185 So. 3d 358
Miss.2015Background
- Matthew and Dana Burnham divorced after 12 years; Dana was awarded primary physical custody of two minor children and Matthew agreed to a visitation schedule.
- The chancellor ordered Matthew to pay $600/month child support, require him to maintain insurance and pay property taxes, and provide health/dental/life insurance for the children.
- The chancellor awarded Dana use and possession of the marital home (valued $255,000) until the youngest reached majority and 75% of sale proceeds thereafter; Dana received other assets (total $303,225.84).
- Matthew received several parcels of real property (valued $217,904.64 in assets) but was assigned all marital debt totaling $225,472.79, resulting in a substantially disparate distribution.

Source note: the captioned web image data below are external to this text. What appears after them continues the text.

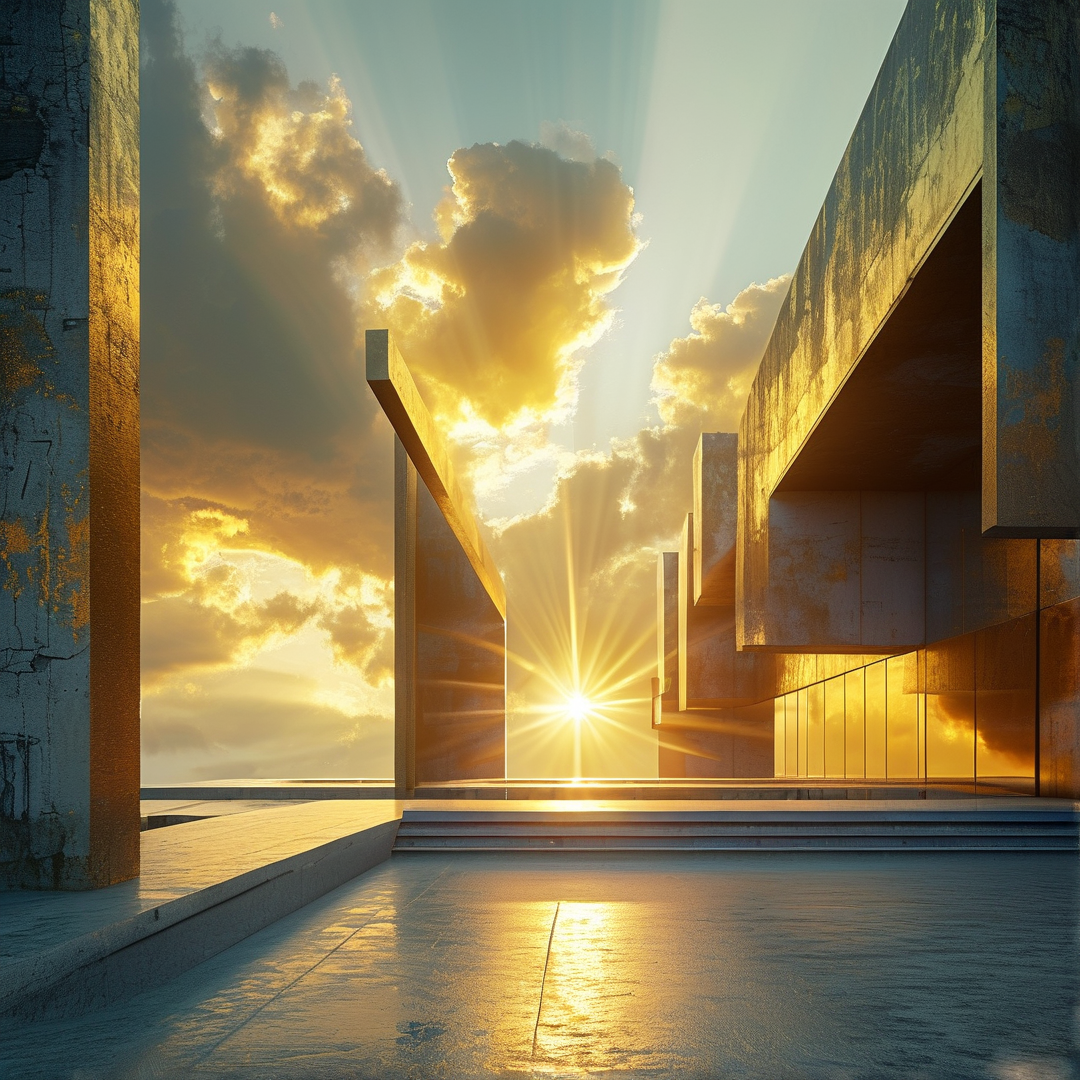 Golden Hour Architecture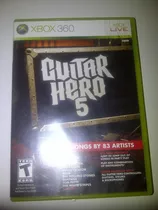 Juego Guitar Hero 5 Juego Original - Usado Para Xbox 360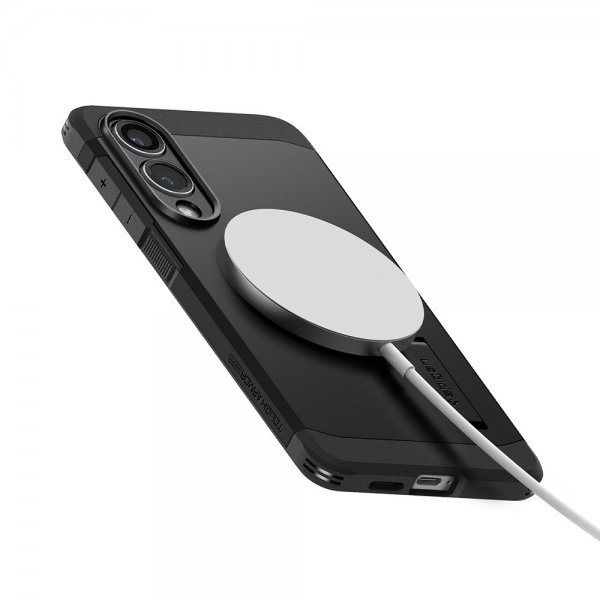 Spigen Samsung Galaxy S25 Edge Skal Tough Armor MagFit Svart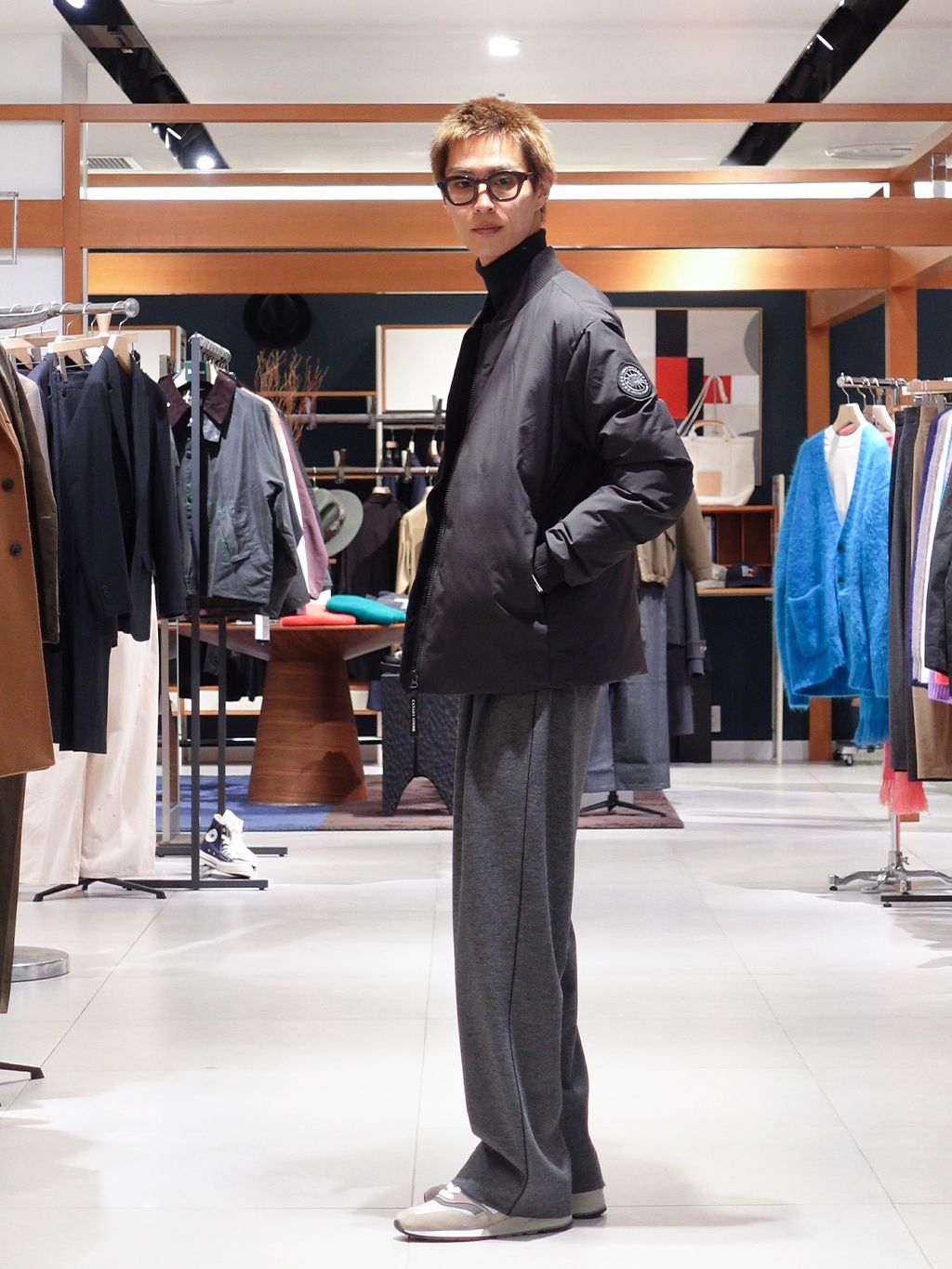 CANADA GOOSE (カナダグース) 2459MBA Porter Bomber Black Labelの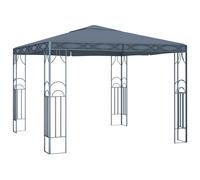 Tonnelle 300x300 cm Anthracite Chapiteau Pavillon Tente de Réception vidaXL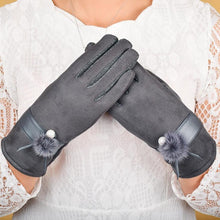 Feitong Fashion Outdoor Gloves Women Men Mitten Driving Preal faux fur Full FingerTouchScreen Glove#3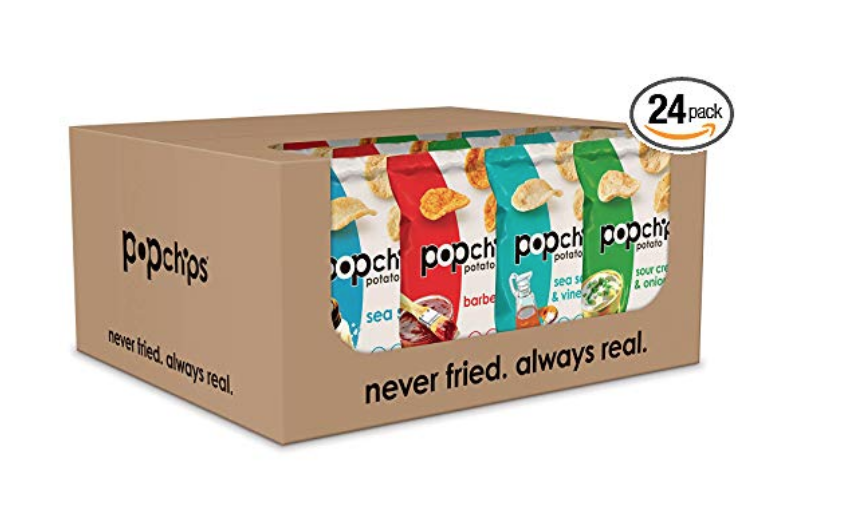 Popchips Potato Chips, Variety Pack, 24-Count Just $10.83 Shipped!
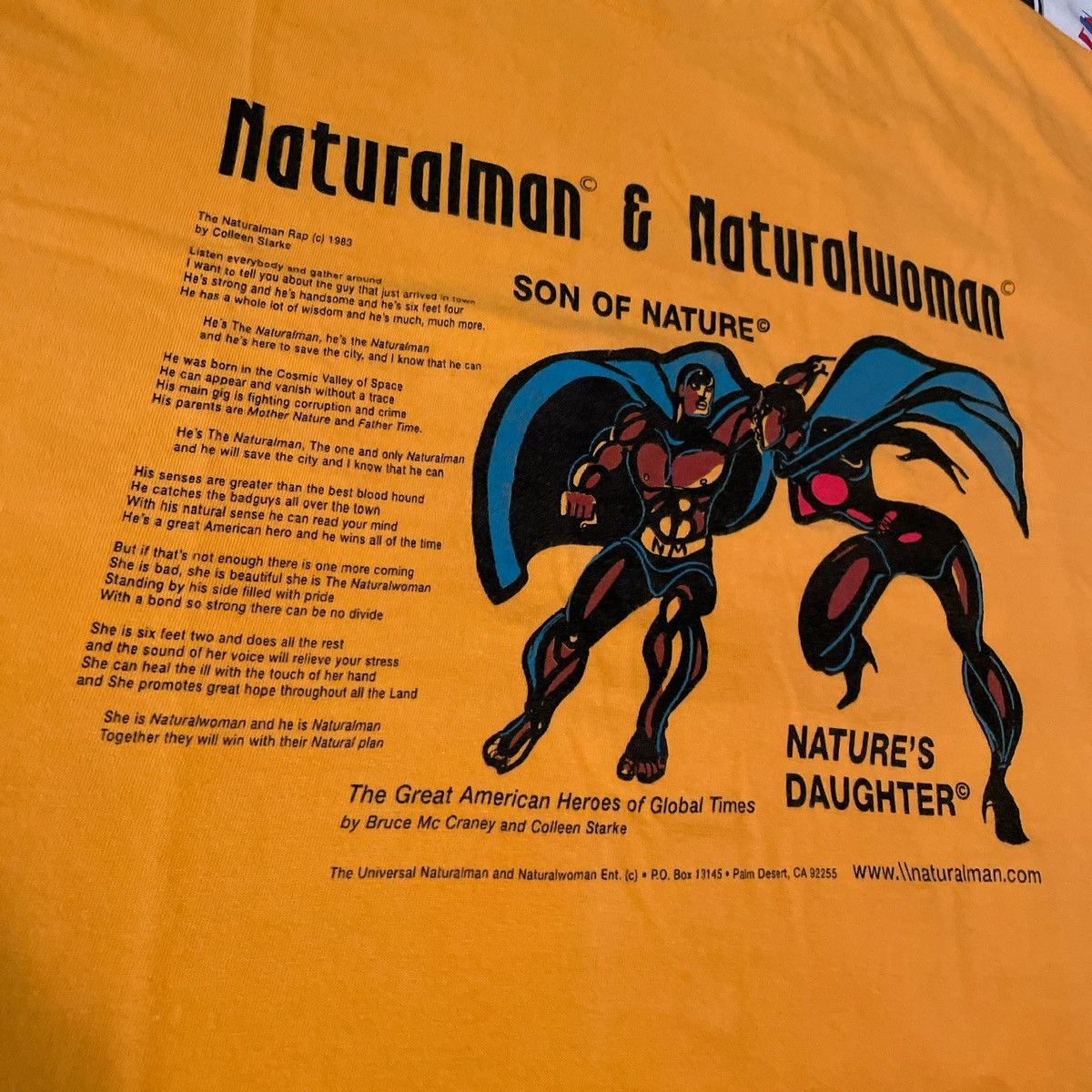 DC Comics × Marvel Comics × Vintage Vintage 2000s Naturalman & Naturalwoman Hero Marvel DC Tee Size US XL / EU 56 / 4 - 2 Thumbnail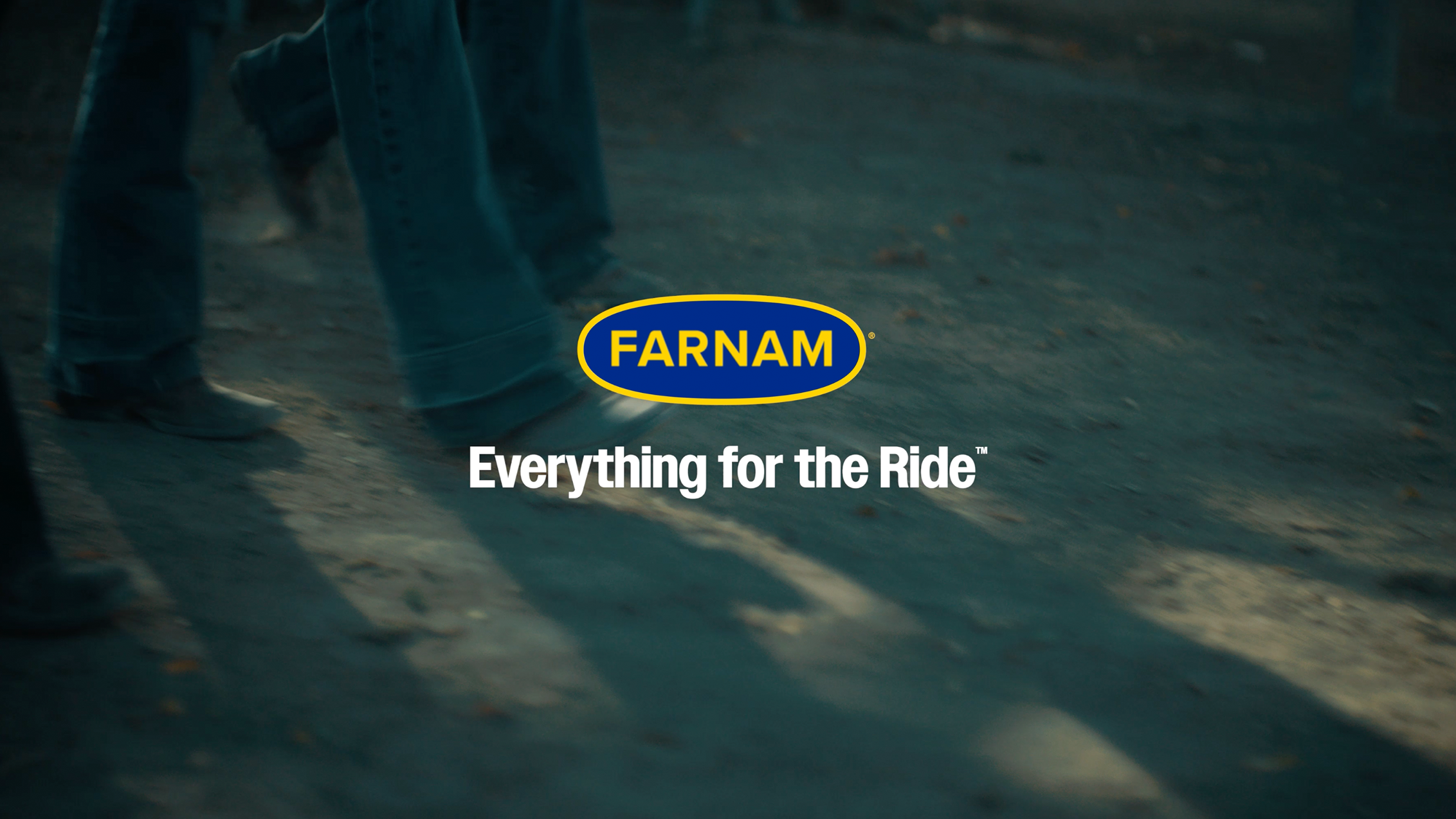Farnam promotional video banner reading Everything for the Ride.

- On appeal Matthew challenged the child-support award and the equitable distribution; the Court of Appeals affirmed in part and this Court granted certiorari.
Issues
| Issue | Burnham (Appellant) Argument | Burnham (Appellee) / Trial Position | Held |
|---|---|---|---|
| Whether the $600/mo child-support order was erroneous because no agreement existed and it exceeded statutory guidelines | Chancellor erred relying on a non-existent agreement; amount exceeds guideline support | Parties had agreed to child support; chancellor also considered testimony and evidence | Affirmed — appellant previously admitted agreement; parties may contract above guidelines and chancellor found amount adequate |
| Whether chancellor’s standard of review was improper because he adopted a party’s proposed findings | Chancellor’s adoption of Dana’s proposed findings should trigger heightened review | Chancellor’s factual findings reviewed for abuse of discretion even if adopted | Rejected heightened scrutiny; abuse-of-discretion review applies |
| Whether equitable distribution was erroneous due to unsupported factual findings (dissipation, contempt, earning-capacity/farm income) | Distribution improperly penalized Matthew for selling farm equipment and paying marital debts; no evidence farm would generate income; findings unsupported | Chancellor found dissipation/violation of temporary order and potential higher earning capacity from farming | Reversed and remanded — several Ferguson-factor findings lacked evidentiary support, requiring new property distribution |
Key Cases Cited
- Bluewater Logistics, LLC v. Williford, 55 So. 3d 148 (Miss. 2011) (a chancellor’s adoption of a party’s proposed findings does not change standard of review; factual findings reviewed for abuse of discretion)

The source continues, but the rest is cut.